= Net current asset value =

Financial metric

The net current asset value (NCAV) is a financial metric popularized by Benjamin Graham in his 1934 book Security Analysis. NCAV is calculated by subtracting a company's total liabilities from its current assets. Graham suggested a value investing strategy of buying a well-diversified portfolio of stocks that have a net current asset value greater than their market cap.
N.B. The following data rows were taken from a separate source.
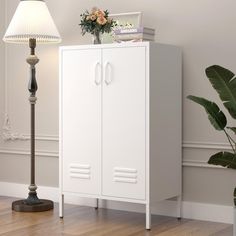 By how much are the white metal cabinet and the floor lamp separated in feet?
0.76

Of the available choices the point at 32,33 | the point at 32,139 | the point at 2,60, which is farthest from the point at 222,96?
the point at 2,60

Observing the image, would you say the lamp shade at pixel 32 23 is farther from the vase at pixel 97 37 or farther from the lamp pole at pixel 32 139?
the vase at pixel 97 37

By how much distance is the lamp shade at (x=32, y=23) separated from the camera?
15.1 feet

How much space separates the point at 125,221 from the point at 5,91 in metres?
1.79

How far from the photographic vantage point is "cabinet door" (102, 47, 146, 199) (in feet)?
13.9

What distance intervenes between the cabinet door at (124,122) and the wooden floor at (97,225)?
0.77 ft

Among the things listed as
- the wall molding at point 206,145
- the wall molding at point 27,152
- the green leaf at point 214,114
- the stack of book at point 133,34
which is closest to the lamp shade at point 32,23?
the stack of book at point 133,34

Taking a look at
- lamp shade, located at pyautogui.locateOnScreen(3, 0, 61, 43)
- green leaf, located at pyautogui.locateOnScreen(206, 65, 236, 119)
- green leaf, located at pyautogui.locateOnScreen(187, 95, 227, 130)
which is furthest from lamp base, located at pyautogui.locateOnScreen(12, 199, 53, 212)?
green leaf, located at pyautogui.locateOnScreen(206, 65, 236, 119)

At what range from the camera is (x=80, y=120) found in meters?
4.50

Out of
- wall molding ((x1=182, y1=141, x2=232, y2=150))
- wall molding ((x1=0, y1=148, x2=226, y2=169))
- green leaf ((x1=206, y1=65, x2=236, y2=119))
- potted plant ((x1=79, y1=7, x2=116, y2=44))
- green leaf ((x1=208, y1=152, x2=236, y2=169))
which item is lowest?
wall molding ((x1=0, y1=148, x2=226, y2=169))

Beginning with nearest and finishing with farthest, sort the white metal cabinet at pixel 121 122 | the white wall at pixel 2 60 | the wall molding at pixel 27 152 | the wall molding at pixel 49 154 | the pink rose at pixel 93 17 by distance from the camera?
the white metal cabinet at pixel 121 122 → the wall molding at pixel 49 154 → the pink rose at pixel 93 17 → the wall molding at pixel 27 152 → the white wall at pixel 2 60

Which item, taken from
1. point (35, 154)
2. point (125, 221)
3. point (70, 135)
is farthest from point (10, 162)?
point (125, 221)

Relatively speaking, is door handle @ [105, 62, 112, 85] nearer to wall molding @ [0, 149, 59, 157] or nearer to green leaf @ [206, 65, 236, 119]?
green leaf @ [206, 65, 236, 119]

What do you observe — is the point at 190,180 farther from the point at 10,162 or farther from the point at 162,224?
the point at 10,162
This strategy is sometimes referred to as "cigar-butt" investing, because it tends to focus on struggling companies that are trading below their liquidation value.

== Methodology ==
A company's net current asset value (NCAV) can be calculated as:
 Net Current Asset Value (NCAV) = Total Current Assets - Total Liabilities

And a company's market cap is calculated as:
 Market Capitalization (MC) = Number of Shares Outstanding × Current Price per share

If NCAV > MC then the stock is considered undervalued.

== Historical returns ==

=== United States stock market returns ===

A 1986 study found that a Ben Graham-style NCAV investing strategy outperformed the benchmark from 1971 to 1983. The NCAV strategy produced a return of 33.7% compared to 12.1% for the benchmark.
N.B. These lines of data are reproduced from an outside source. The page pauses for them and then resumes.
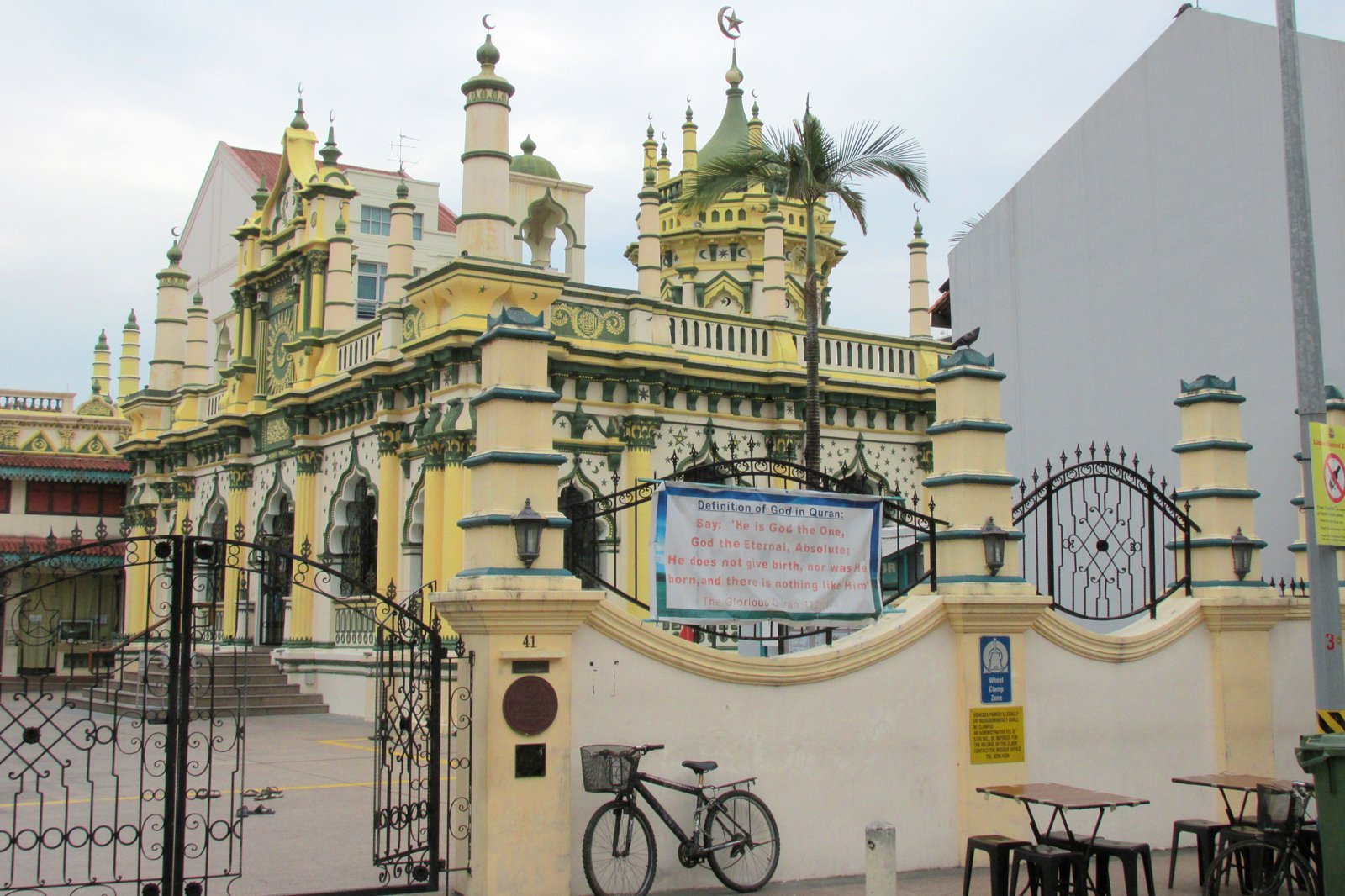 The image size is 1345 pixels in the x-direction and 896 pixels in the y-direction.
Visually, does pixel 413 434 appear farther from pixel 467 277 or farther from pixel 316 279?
pixel 316 279

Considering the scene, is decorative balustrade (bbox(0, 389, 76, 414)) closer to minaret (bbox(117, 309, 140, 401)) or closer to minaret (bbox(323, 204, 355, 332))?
minaret (bbox(117, 309, 140, 401))

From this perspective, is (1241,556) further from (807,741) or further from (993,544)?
(807,741)

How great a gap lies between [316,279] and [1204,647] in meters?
19.1

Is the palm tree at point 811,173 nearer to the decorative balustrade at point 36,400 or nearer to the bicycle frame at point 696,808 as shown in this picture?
the bicycle frame at point 696,808

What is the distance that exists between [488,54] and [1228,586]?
13.1 meters

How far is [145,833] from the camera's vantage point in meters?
12.4

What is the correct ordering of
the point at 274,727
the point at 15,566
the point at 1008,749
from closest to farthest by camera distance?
the point at 15,566 < the point at 1008,749 < the point at 274,727

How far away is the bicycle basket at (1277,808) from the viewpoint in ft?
32.3

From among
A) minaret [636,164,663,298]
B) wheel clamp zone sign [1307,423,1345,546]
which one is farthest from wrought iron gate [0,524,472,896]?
minaret [636,164,663,298]

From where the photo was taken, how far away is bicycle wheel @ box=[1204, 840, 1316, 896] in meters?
9.61

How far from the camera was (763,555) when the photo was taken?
414 inches

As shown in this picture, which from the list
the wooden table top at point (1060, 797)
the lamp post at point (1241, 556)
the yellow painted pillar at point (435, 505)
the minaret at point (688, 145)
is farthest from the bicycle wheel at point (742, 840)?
the minaret at point (688, 145)

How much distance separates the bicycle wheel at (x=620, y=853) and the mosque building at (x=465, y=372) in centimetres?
730

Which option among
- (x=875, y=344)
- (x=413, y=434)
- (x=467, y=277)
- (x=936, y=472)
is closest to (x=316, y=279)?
(x=413, y=434) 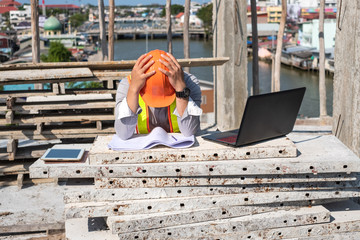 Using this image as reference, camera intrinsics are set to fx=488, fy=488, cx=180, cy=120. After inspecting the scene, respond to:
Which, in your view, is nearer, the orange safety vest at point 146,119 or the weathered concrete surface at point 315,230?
the weathered concrete surface at point 315,230

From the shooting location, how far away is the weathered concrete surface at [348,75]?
567 cm

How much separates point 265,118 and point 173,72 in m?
0.84

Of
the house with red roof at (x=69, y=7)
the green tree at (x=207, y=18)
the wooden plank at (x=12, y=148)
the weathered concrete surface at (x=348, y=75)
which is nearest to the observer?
the weathered concrete surface at (x=348, y=75)

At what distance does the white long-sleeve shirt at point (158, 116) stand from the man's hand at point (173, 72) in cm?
21

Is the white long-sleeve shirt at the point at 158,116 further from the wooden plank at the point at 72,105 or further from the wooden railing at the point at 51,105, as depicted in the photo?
the wooden plank at the point at 72,105

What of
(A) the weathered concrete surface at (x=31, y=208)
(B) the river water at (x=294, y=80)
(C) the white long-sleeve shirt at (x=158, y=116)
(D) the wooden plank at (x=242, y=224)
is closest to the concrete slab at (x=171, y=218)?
(D) the wooden plank at (x=242, y=224)

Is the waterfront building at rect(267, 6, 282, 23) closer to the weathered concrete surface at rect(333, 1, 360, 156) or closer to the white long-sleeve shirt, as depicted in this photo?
the weathered concrete surface at rect(333, 1, 360, 156)

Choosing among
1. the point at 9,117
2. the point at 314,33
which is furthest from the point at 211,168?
the point at 314,33

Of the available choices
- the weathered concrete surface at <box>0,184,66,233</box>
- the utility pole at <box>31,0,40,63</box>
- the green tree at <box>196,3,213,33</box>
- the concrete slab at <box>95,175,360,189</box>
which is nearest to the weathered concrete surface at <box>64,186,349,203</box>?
the concrete slab at <box>95,175,360,189</box>

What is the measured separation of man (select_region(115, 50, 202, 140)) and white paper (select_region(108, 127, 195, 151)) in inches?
3.8

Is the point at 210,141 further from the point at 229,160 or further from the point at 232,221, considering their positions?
the point at 232,221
A 2014 study found that the NCAV strategy produced an annualized geometric return of 24.7% from 2003 to 2010; the excess returns were unexplainable by either the capital asset pricing model or the Fama-French-Carhart model.

=== International stock market returns ===

A 1993 study found that the NCAV strategy in Japanese stocks produced a return of 19.7% compared to 16.6% for the relevant benchmark from 1975 to 1988. A 2008 study found that the NCAV strategy on the London Stock Exchange produced a mean annualized return of 31.1% compared to 20.5% for the relevant benchmark between 1980 and 2005.